И при свете дня он выглядел зловеще – безрадостные коричневые стены, грязные окна… Сад – если только его можно было так назвать – давно скрылся под зарослями буйно разросшихся сорняков, камни подъездной дорожки разъехались, кирпич крошился от времени. Да и внутри было не лучше. Старые расшатанные кресла с тремя ножками, покрытые тем, что когда-то было плюшем, выглядели не слишком уютно. И все же этот дом был частью наследства, оставленного мне дедушкой. В завещании было условие: «Весь дом, со всем в нем находящимся имуществом, переходит в собственность моего внука, Роберта Калвина Рэймонда, по достижении им двадцати одного года. При этом я запрещаю ему открывать комнату на втором этаже в конце коридора до тех пор, пока не погибнет Карматль. Он имеет право отремонтировать и обставить три комнаты в доме по своему желанию на современный лад, однако все остальные помещения должны остаться в неприкосновенности. Мой наследник имеет право нанять не более одного слуги».

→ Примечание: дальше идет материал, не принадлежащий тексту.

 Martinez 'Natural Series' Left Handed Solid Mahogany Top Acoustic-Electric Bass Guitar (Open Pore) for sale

Для бедного юноши без жизненных перспектив и без денег, существовавшего на жалкие восемьсот долларов в год, это свалившееся с неба наследство выглядело неслыханной удачей, особенно с прилагавшимися к нему двадцатью пятью тысячами долларов. Я решил отремонтировать свой новый дом и отправился на юг, в Джорджию, где в окрестностях Мэйсона он и находился. Весь вечер, трясясь в пульмановском вагоне, я думал об этом странном условии: «Я запрещаю ему открывать комнату на втором этаже в конце коридора до тех пор, пока не погибнет Карматль». Кто такой Карматль? И что это значило – «пока не погибнет Карматль»? Тщетно пытался я подойти к вопросу то так, то эдак; я никак не мог придумать ничего правдоподобного.

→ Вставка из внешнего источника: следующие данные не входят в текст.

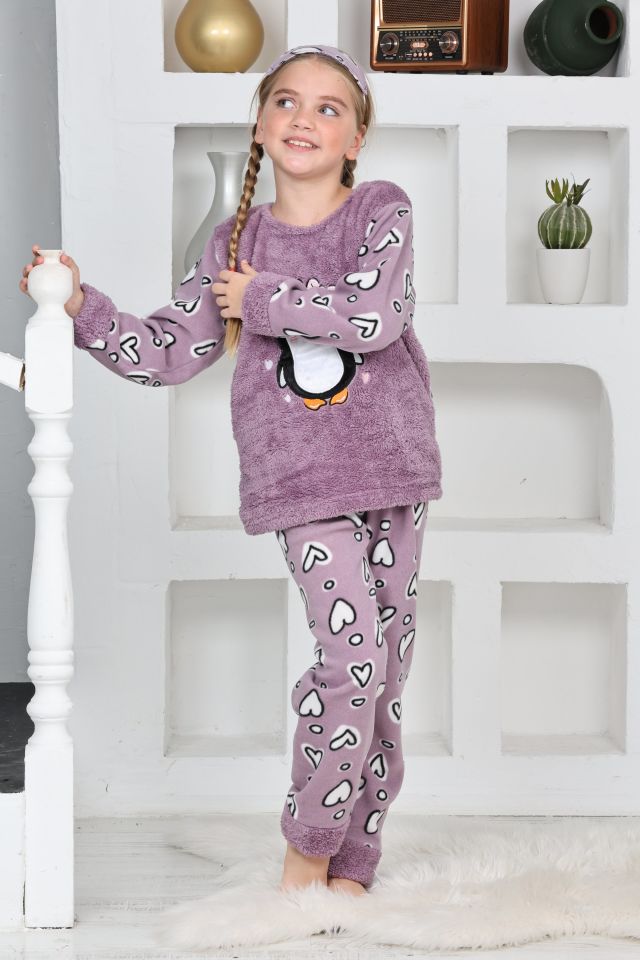 Kapitex 4994 Kız Çocuk Penguenli Polar Uzun Kol Pijama Takımı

Добравшись наконец до дома, я зажег свечу из привезенной с собой коробки и по скрипящим ступеням поднялся наверх, на третий этаж. Впереди был длинный узкий коридор, покрытый паутиной, на полу валялись какие-то дохлые жуки. Коридор заканчивался массивной дубовой дверью, которая не позволила мне пройти дальше. В свете свечи я смог разглядеть нарисованные красной краской на двери инициалы «Д. У. Б.». Дверь была заперта снаружи толстым железным засовом, одинаково эффективно препятствовавшим как входу, так и выходу. Неожиданно моя свеча потухла, даже не вспыхнув напоследок, и я остался в полной темноте. Хотя на нервы мне жаловаться не приходится, вынужден признаться – я вздрогнул, потому что не почувствовал даже намека на ветер! Я вновь зажег свечу и пошел по коридору обратно в комнату с трехногими креслами. Было уже почти девять вечера, а весь день я провел в дороге; я устал и очень быстро уснул.